Déflagration, pour moi, que ta " Contre-Morale ", tellement j'adhère à Fromm que je découvre, et à ton allée vers l'autre. Aimer, c'est donner, comme pulsion de vie irrépressible, sans rien attendre d'autre que la joie d'avoir pu le faire. Que ce don à l'autre soit accepté est un des biens les plus précieux que la vie puisse nous faire. Ainsi, l'amour, offert sans attente, et plus encore s'il est reçu, justifie la vie, et rend plus fort et juste dans l'allée aux autres ! Et les combats menés sont portés par cette énergie !

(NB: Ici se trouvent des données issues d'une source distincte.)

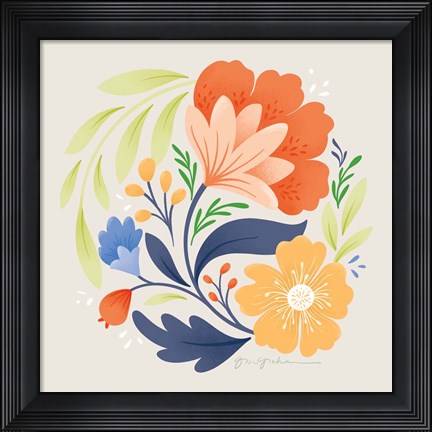 Framed Floral Study I Bright Print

Henri Mandine - Rognonas (13) - 28/04/2007

Lorsque éducation, épanouissement, amour, sont synonymes , comment peut il être question de générations ? Ces vecteurs d'énergie abolissent espace et temps ,ne peuvent que faire vivre en symbiose les êtres les irradiant . Toute vie , Vincent ,à la confluence de ces flux , sera toujours , avec bonheur,portée par eux ,drainera les autres vers elle . Jamais ce flux , cette faim de vie et de dons à enrichir et partager ne se tarira , même lorsque les forces s'amenuisent. Pour toute génération ,tout être , le prix à payer est , souvent ,la solitude de "l'écorché vif", car il voit , forcément , plus vite et plus loin que les autres , il doit , toujours tendre coeur et mains pour être suivi. Lourd défi s'estompant avec l'age . Cependant , il est vrai que certaines décennies plombent davantage les jours .Nous avons surfé sur les 30 "Glorieuses", avons foiré Mai 68, nous arrêtant aux libertés individuelles , ouvrant la boite de Pandore de l'individualisme , pornographiquement consommateur ,faisant le lit de l'ultra libéralisme . Voila l'héritage que nous vous léguons ; pas de quoi être fiers ! Plus que jamais , la résistance inter- générationnelle est vitale . Mais , Vincent , les êtres , porteurs de lumière , habité par tes idéaux , générant , naturellement , ton charisme , souffrent certainement de la solitude , celle habitant ceux qui sont trop dotés ; mais , ces mêmes forces les font toujours " rebondir " quelques soient les défis auxquels ils sont confrontés. Avec humilité , je t'avoue que je parle d'expérience , même si la vie m' a moins doté que toi. Avec toi, Henri .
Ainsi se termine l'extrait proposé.